School community service (its acronym: SCS) is an organised individual or collective assistance activity free of financial interests, promoting both the interests of the local community and the personal development of secondary school students. It is an educational tool based on experiential education that achieves its goal with the help of learning through experience and project methodology by way of the logic of preparation – activity – processing. It may be regarded as a starting point, a first step (an anteroom) in the road towards becoming true volunteers and may trigger further volunteer activities. Its goals have a lot in common with volunteering (solidarity, sense of responsibility and of being of use), enhanced by an educational objective. In addition to doing something for the community, students also learn something in the meantime: cooperation, conflict management, empathy, creative thinking, project planning and responsibility. School community service offers an excellent opportunity for all cultural institutions for the involvement of students in their activities through cooperation with the field of public education. The aim is that students should develop in terms of personal social, civic, aesthetic and artistic awareness and self-expression capability. The community service is, however, not “only” in the interest of the society as a whole and it serves not “only” the development and vocational orientation of the student but it is also essentially in the interest of the cultural segment. This is said because high quality cooperation naturally helps finding new school partners, it improves the dialogue with teachers and, eventually, it addresses students with deeper knowledge of the cultural traditions of their environment, students who attend the institutions of their environment. It also ensures their engagement and commitment. Properly well-prepared community service enables both the students and the adequately open receiving institution to develop and improve. Its participation is rewarded by gaining an innovative attitude and techniques, a capability to renew itself, and by its reconsideration of institutional structures and tasks from new perspectives.

Its motivation differs from that of voluntary activities because every single full-time secondary school student must complete 50 hours of community service as a prerequisite for the secondary school leaving examination. Practical realisation of the educational objectives of community service (12 principles) may help students (through preparation and reflection) to find their own personal motives in carrying out the activities. In terms of its objectives it may be an excellent terrain for the cultural segment.

Community service is a special marginal zone of volunteering. It differs from volunteering in that it is completed by full time secondary students attending educational institutions providing secondary school leaving examination certificates not on their own accord but as a precondition for the examination. In other aspects however, its basic principles and objectives are the same as those of volunteering, with age-related characteristics taken into account. School community service may be a terrain for the achievement of socialisation. The activities may take place only in the following 8 sectors: health; social and charity; education; culture and community; environmental protection and nature conservation; disaster management; activities relating to pre-school children, children and students with special educational need; sports and recreational relating to elderly people; crime and accident prevention at organisations established for the performance of certain police activities. Another rule is that non-profit organisations are not permitted to employ students for performing social community service. The community service is aimed at achieving both social utility and educational objectives: its aim is to help students become more socially sensitive and become volunteers later, as conscious citizens. This activity may therefore play a key role in vocational orientation, personality development, social sensitisation and community building, in a town or village, at a school or at the recipient organisation.

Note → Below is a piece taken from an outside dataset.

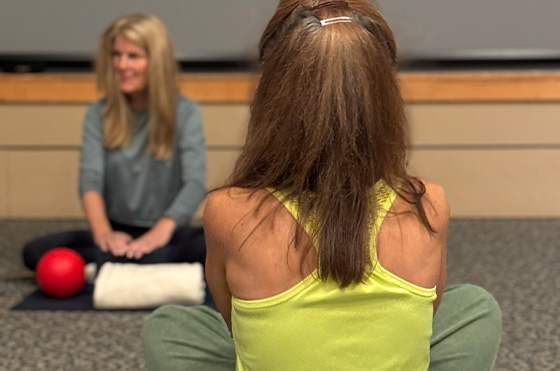 Two women are sitting on the floor in a room. One faces away, wearing a yellow tank top, while the other, in focus, faces the camera and wears a blue shirt. A red exercise ball and a white towel are on the floor between them.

The practical implementation of the school community service may well be based on experience gained from volunteer management (see the above-mentioned guide on volunteering). At the same time, community service should be distinguished from voluntary activities per se. The key consideration in this is that students’ age specific characteristics must be taken into account. They must be provided with assistance and responsibility should be gradually conferred on them as they perform their tasks. Emphasis must be laid on ensuring that they are motivated and are provided with opportunities for learning, while participating in service-type tasks that do not require technical/professional skills. Care must be taken to ensure that as students learn about the functioning of the institution, by their presence they support primarily the activities of the institution’s target group. Students should be involved in this kind of activity at least in pairs. Their presence is based on contact/communication with the school (the sending institution), for example under a cooperation agreement. The administration of community service requires the keeping of a simple attendance sheet on the part of the cultural institution, which is necessary for ensuring the transparency of their employment from the aspect of labour regulations as well. The majority of the administrative tasks relating to the organisation of school community service are taken care of primarily by the school. The cultural institution is expected to certify the completion of the service in the relevant document (community service log).

It is key that students be involved not primarily in campaign-like activities and that adequate emphasis is laid on developing personal contacts. It is also important that students realise that their activity is aimed at providing assistance and that it has social and cultural values. Such awareness raising should take place during their preparation for community service and at the closure and ex-post appraisal of their assignment. All activities should be performed under the supervision and technical/professional management of a mentor or a coordinator in the cultural area as well; students can thus participate primarily in activities managed or coordinated by someone taking care of their preparation for the tasks, a helper, i.e. a professional. Their activity may only supplement and support but not substitute the work of professionals working at the institutions.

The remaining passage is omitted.